When there has been a reported surge in LGBT+ related hate crimes in the last year, orientation can hardly be dismissed as "irrelevant". When there is so much invisibility of bisexual and pansexual people, coming out as such actually serves as a powerful statement. Layla Moran has done, in one short interview, far more than I have managed to do for bi/pan visibility in ten years.

Of course, there will be those who dislike discussion of LGBT+ matters, who hide their prejudices behind the "it's not news" mantra. But there are also people who genuinely believe we are at a stage when such things no longer matter, that we're free to love who we want and society no longer cares about "labels".

Firstly, I would say we can't be so complacent: the evidence confirms that while attitudes have significantly changed homo/bi/pan/trans-phobia remains a problem and there's still a great deal of progress to be made. Secondly, pansexuality is not a "label" - it's an authentically lived experience. I'm pleased Layla didn't simply state she was pansexual but talked about her relationship and brought that centre stage, which provided a human dimension "coming out" statements sometimes lack.

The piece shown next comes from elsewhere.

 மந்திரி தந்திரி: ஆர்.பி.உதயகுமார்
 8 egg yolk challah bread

I think it's also fair to note that senior political figures can't keep their relationships hidden from the media for long, and it would be a bigger news story if people are "outed" by the press. In fact, it is likely that if Layla hadn't chosen to be open about this various media outlets would have been more than happy to "out" her on their terms. That is a disgraceful state of affairs, but an ongoing reality even in the supposedly enlightened 2020s. How much better is it for people to talk about their relationships so honestly and casually, and in a way which makes it easier for others to do the same?

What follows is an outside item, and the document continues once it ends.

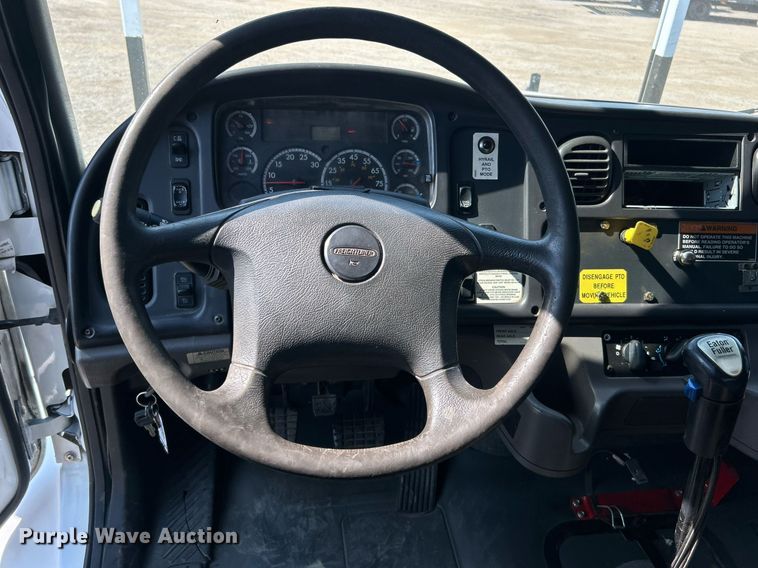 image for item EG1135 2007 Freightliner  Business Class M2 crane truck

Having people like Layla "coming out" will definitely help to "normalise" pansexuality and aid bi/pan visibility. It helps us understand that love is love. As Layla said: "we're in a really committed, loving, supportive relationship and I feel now is the time to talk about it because, as an MP, I spend a lot of time defending our community. I want people to know I am part of that community as well."  Believe me, this can really make a difference to our community and to how the public understand us.

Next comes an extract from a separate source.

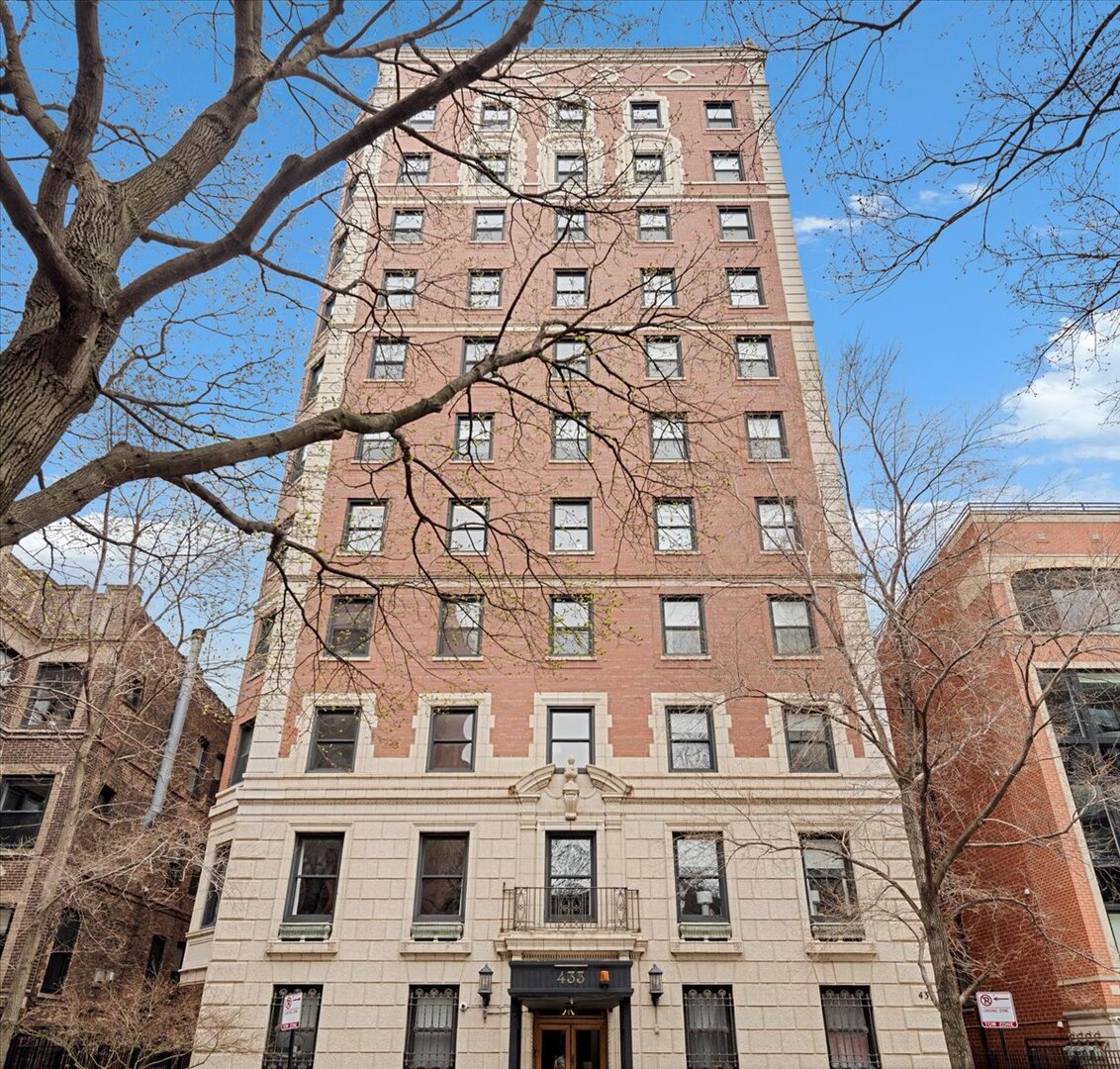 433 W Briar Place #6B, Chicago, IL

If there are any doubts that bi and pan erasure is a problem, and one that is perpetuated by our media, take a look at the Daily Mail's headline. This kind of thing has to be challenged, as too the implied connection between lesbians and violence. (If you have the stomach, have a look at the comments beneath the piece and tell me there still isn't work to do...)

We can't dismiss this as somehow a non-story because we wish it to be. At a time when our community is coming under increasing attack, especially those who don't fit the gay-straight binary, it is absolutely vital we fight for everyone's rights to be - publicly - whoever they are. The party of individual liberty must surely be a party that not only guarantees the freedom to for people to love who they want, but to be honest and open about it too. As a bi person, I've never had anyone rudely cut me off mid-conversation when I'm talking about my wife on the basis that it's "not relevant". That certainly wasn't the case when I mentioned boyfriends.

LGBT+ Lib Dems have responded with a short statement in which they say: "we didn't know Layla was pansexual when we made her our Honorary President for 2020 - we just knew she was committed to supporting and defending our community. Now we know she's a part of it we couldn't be happier for her."

Obviously I wish Layla and Rosy all the best for the future. Thank you for your honesty, Layla - and for the way you opened up about your relationship!